== Given information
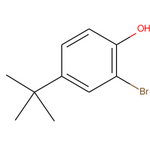 2-Bromo-4-tert-butylphenol|CS-W002958|2198-66-5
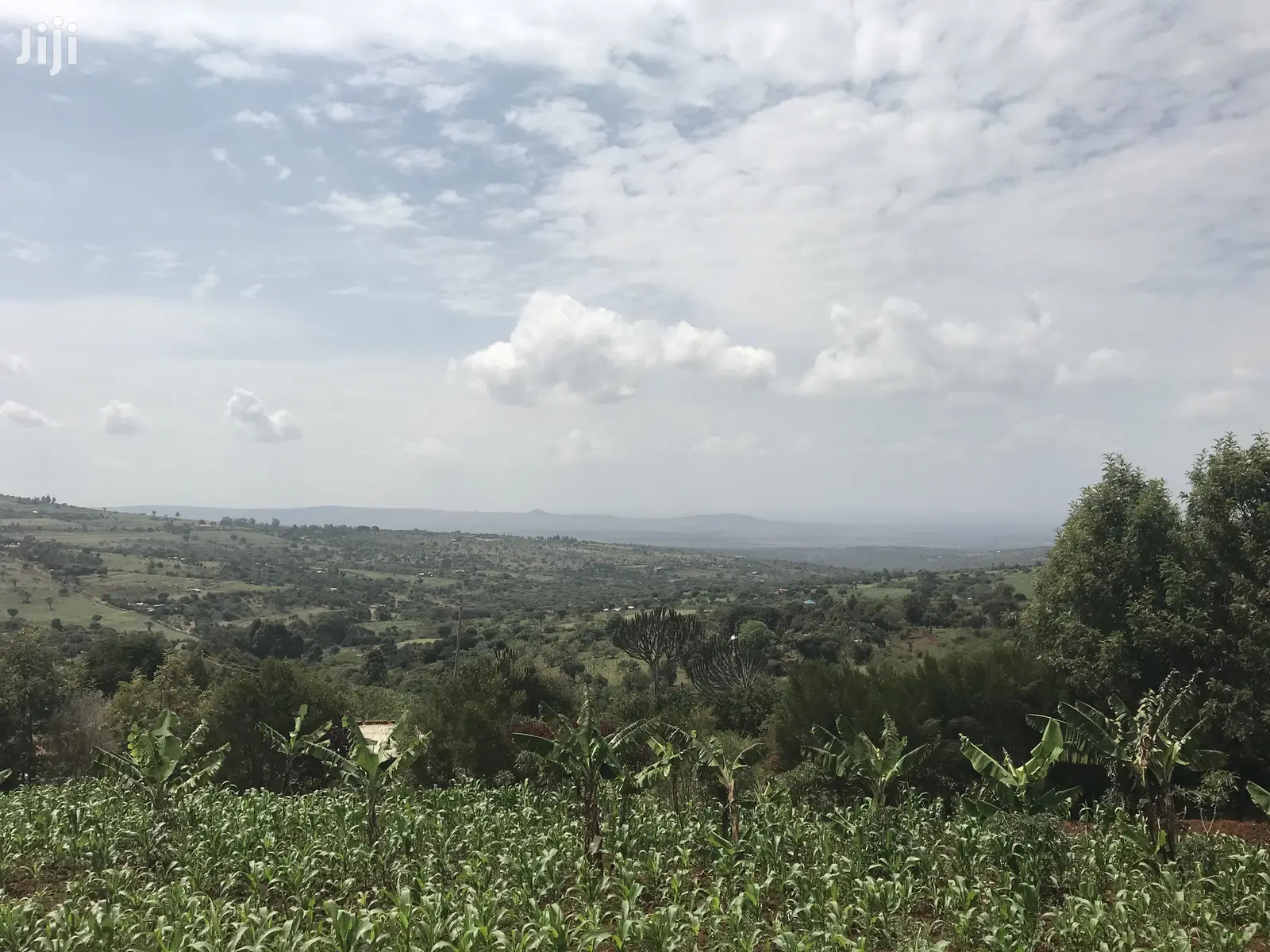 1acre Mua Hills in Mua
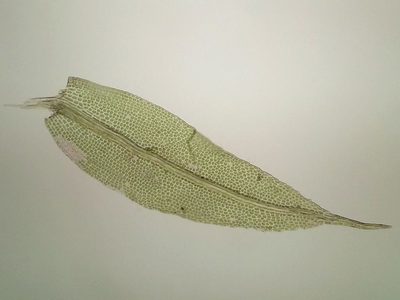 Leptotheca gaudichaudii, photographed by George Greiff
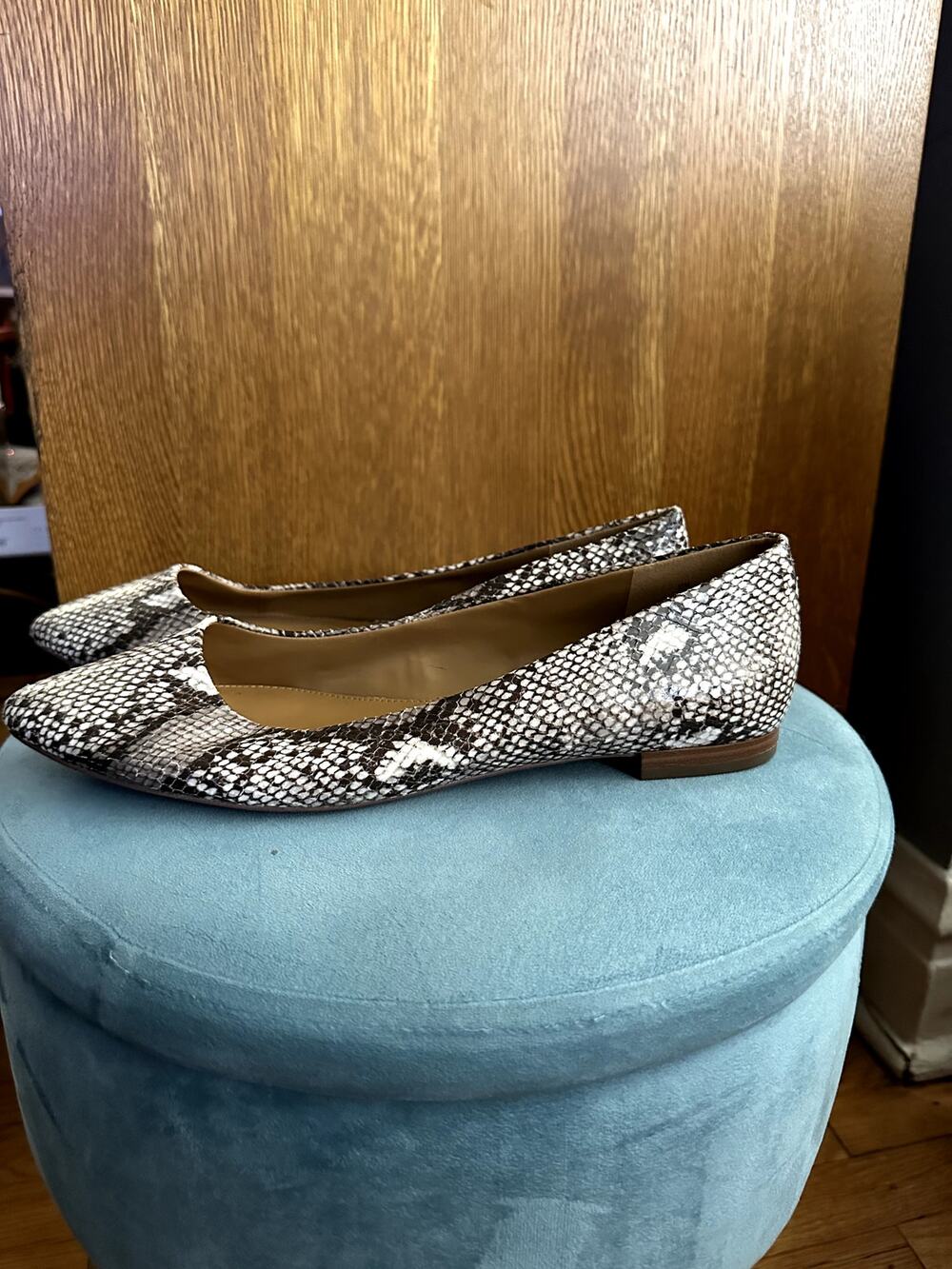 14 & Union Women's Animal Print Pointed Toe Flats | Size 11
====
Problem details: Leave every picture out, and reproduce exactly the lines from the line bearing "Leptotheca gaudichaudii, photographed" through the closing line of the material above.

Final answer:
 Leptotheca gaudichaudii, photographed by George Greiff
 14 & Union Women's Animal Print Pointed Toe Flats | Size 11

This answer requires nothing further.